These entries are to be set down again exactly.

::: Data shown :::

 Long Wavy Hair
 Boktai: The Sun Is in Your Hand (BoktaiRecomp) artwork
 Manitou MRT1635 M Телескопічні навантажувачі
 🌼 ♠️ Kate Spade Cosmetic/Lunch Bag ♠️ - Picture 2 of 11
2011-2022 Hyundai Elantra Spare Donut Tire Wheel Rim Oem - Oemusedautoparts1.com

:::

Completed task:
 Long Wavy Hair
 Boktai: The Sun Is in Your Hand (BoktaiRecomp) artwork
 Manitou MRT1635 M Телескопічні навантажувачі
 🌼 ♠️ Kate Spade Cosmetic/Lunch Bag ♠️ - Picture 2 of 11
2011-2022 Hyundai Elantra Spare Donut Tire Wheel Rim Oem - Oemusedautoparts1.com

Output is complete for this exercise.